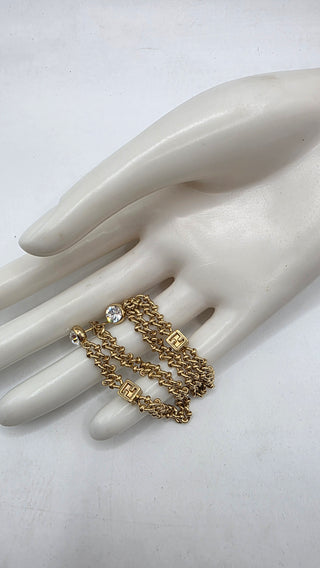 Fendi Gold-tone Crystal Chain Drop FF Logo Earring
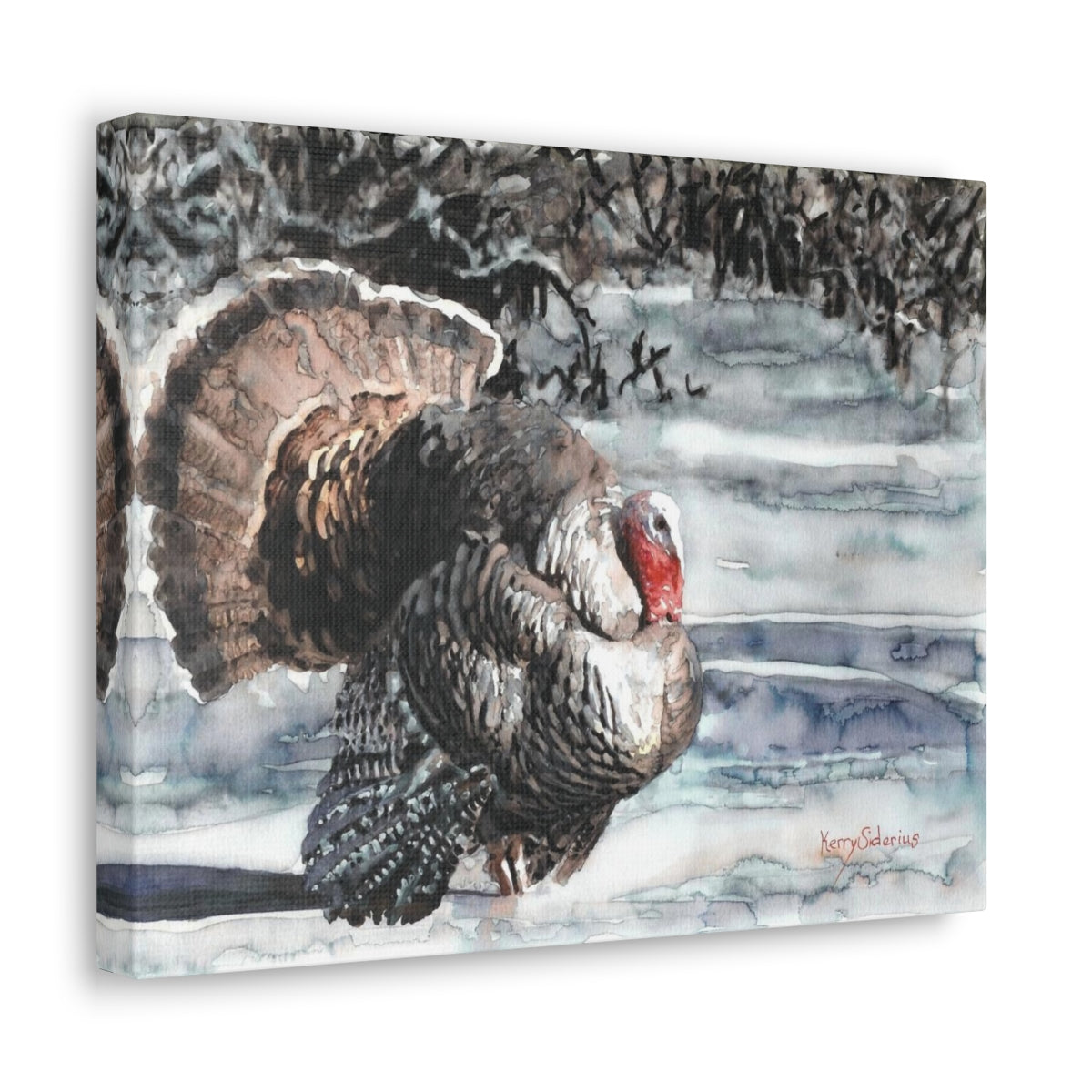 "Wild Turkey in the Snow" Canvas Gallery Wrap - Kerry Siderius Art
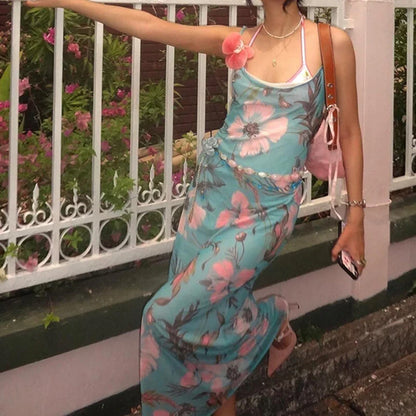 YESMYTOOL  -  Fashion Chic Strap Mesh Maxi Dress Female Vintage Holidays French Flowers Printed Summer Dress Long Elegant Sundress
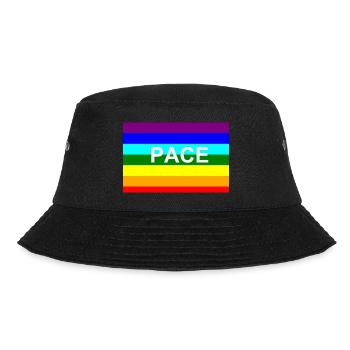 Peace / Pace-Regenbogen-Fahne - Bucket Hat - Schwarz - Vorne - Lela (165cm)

---

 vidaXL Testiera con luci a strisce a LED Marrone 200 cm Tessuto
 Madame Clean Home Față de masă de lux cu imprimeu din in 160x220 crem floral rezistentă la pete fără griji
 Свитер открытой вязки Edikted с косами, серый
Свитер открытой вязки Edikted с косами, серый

--

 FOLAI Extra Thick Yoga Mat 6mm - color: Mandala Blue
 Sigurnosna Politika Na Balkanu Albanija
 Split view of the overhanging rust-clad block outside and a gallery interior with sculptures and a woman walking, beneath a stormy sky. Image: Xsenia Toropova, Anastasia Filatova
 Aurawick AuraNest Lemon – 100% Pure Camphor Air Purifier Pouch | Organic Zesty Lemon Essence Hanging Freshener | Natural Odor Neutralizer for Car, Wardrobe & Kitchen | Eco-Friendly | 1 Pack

The task:
Keep to the stretch from the line containing "Long Elegant Sundress" through the line containing "Peace / Pace-Regenbogen-Fahne", both ends included, and copy it exactly from the listing above, minus the pictures.

Response to this exercise:
 YESMYTOOL  -  Fashion Chic Strap Mesh Maxi Dress Female Vintage Holidays French Flowers Printed Summer Dress Long Elegant Sundress
 Peace / Pace-Regenbogen-Fahne - Bucket Hat - Schwarz - Vorne - Lela (165cm)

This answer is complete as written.